LONDON -- Vodafone AirTouch PLC, the world's largest provider of wireless services, said yesterday that it will make a new bid for Mannesmann AG after Germany's biggest mobile phone company spurned a $116.3 billion proposal.
If rejected again, the British company might go directly to shareholders.
Vodafone will meet with its shareholders over the next two days to work out an offer, said Chief Executive Officer Chris Gent. Mannesmann rejected a proposed bid Sunday of 202.65 euros ($209.57) per share.
"We're prepared, if necessary, to proceed with an unsolicited bid," Gent said. Some analysts say Vodafone will have to go as high as 270 euros per share to succeed.
While no hostile takeover has ever succeeded in Germany, some analysts and investors said Vodafone may have little choice after Mannesmann said Sunday's approach put the companies' joint ventures in three European countries "in jeopardy."
Mannesmann noted differences in strategy and a low price in rebuffing the offer, making a compromise unlikely, analysts said. The Vodafone bid would be the second-biggest ever.
Vodafone would not comment on what swap ratio it would offer in a new bid, though Gent said a cash element was unlikely. Mannesmann's supervisory board is scheduled to meet Friday, and Vodafone expects to have a new offer ready for the directors to discuss, Gent said.
Mannesmann, a Dusseldorf-based company, said it would not comment until it receives a new offer from Vodafone and repeated that it is not looking for a "white knight" to help fend off a hostile bid.
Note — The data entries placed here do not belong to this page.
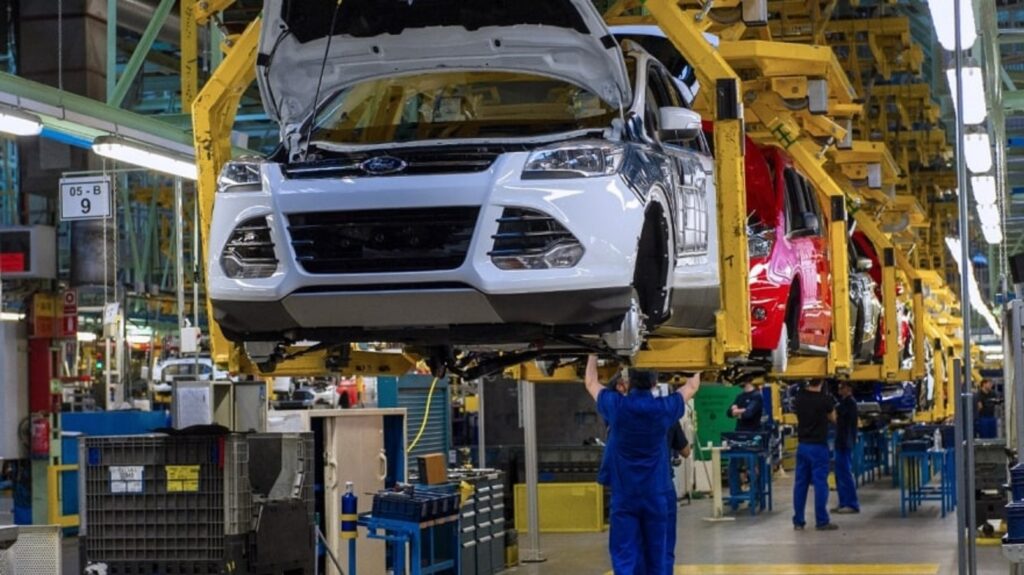 Ford Almussafes se enfrenta a otra elevada reducción de plantilla con la incertidumbre de la evolución del mercado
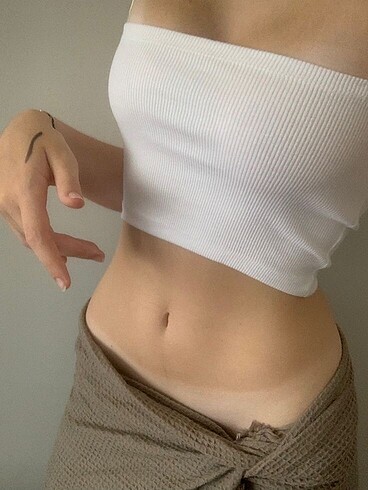 Beyaz Straplez crop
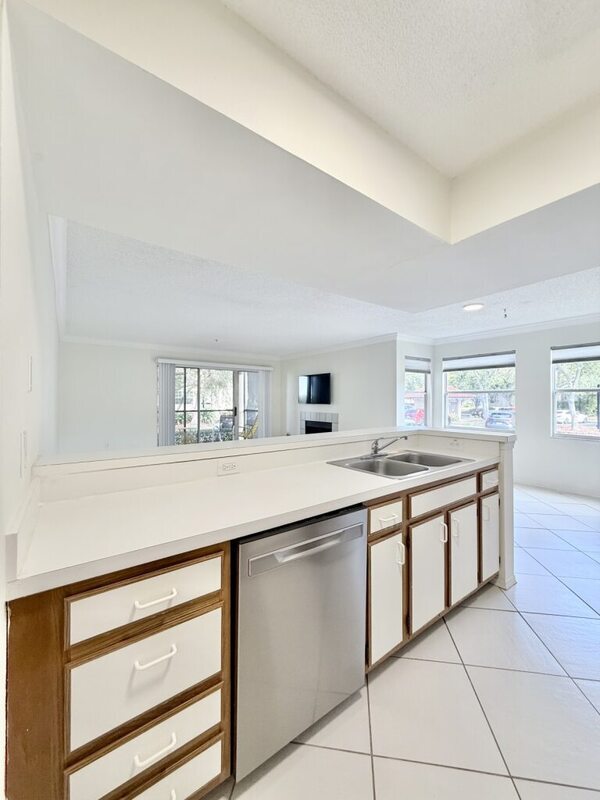 Building Photo - 2400 Feather Sound Dr
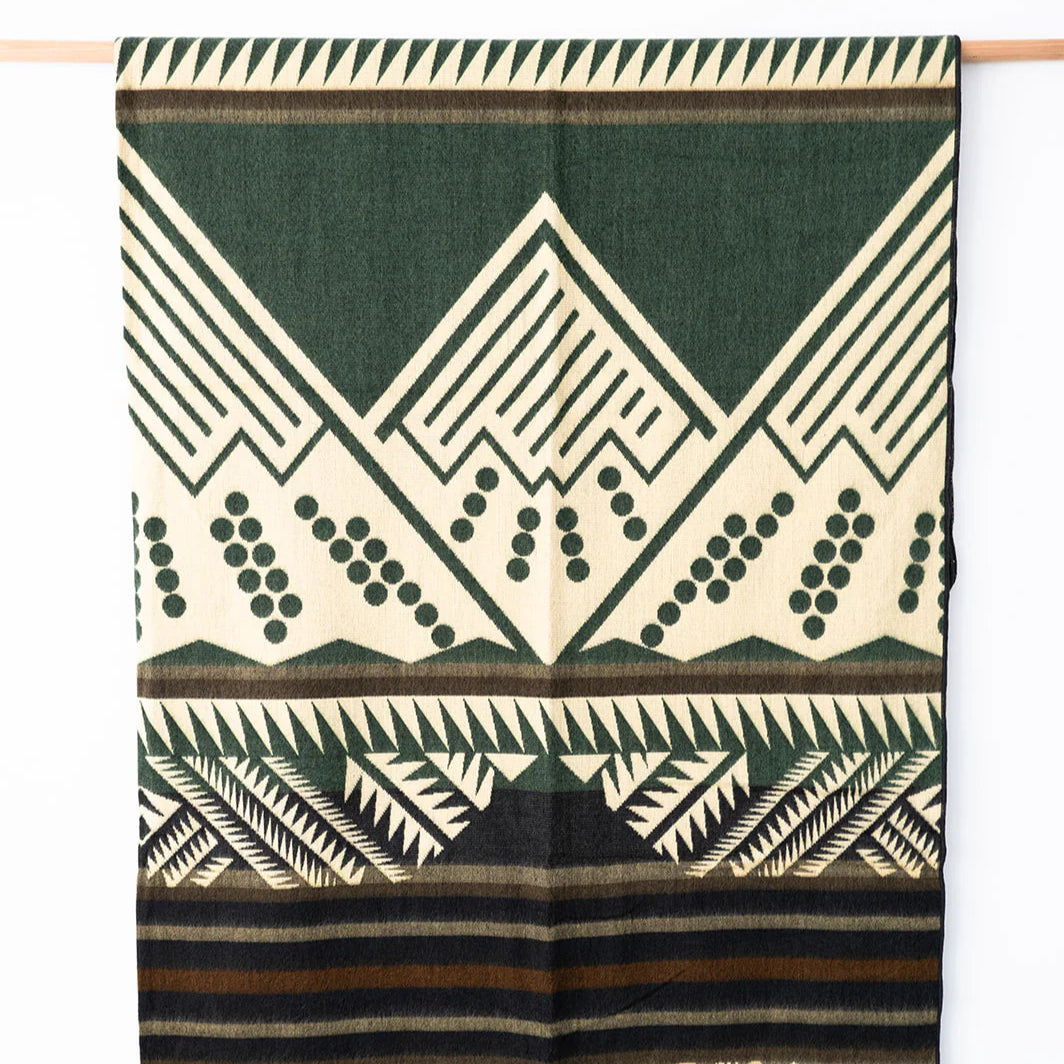 Heartprint Threads | Queen Blankets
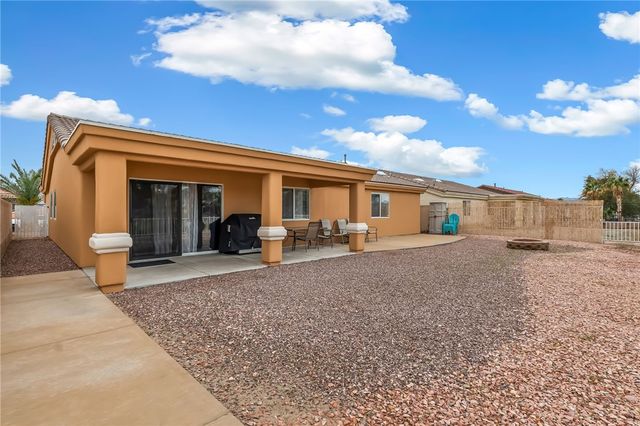 2113 E Desert Lakes Drive, Fort Mohave, AZ 86426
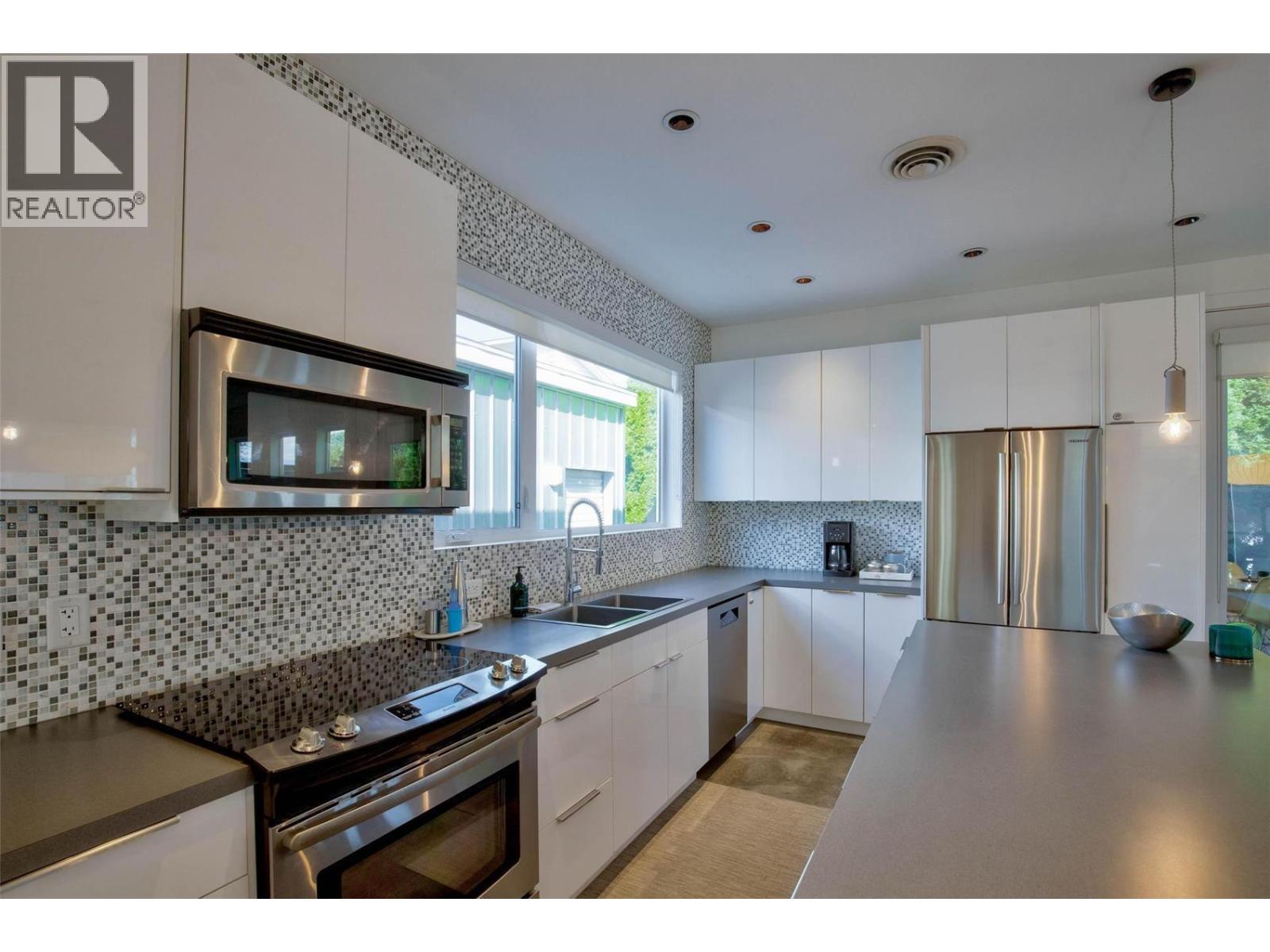 751 + 753 MARTIN AVENUE N - 28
Rather, the company is counting on its growth potential.
In a related development, Bell Atlantic Corp. does not plan to bid for Mannesmann because the price is too high, said Bell Atlantic Chairman and Chief Executive Officer Ivan Seidenberg.
Bell Atlantic, SBC Communications Inc., MCI WorldCom Inc. and British Telecommunications PLC have been seen as potential "white knight" suitors for Mannesmann.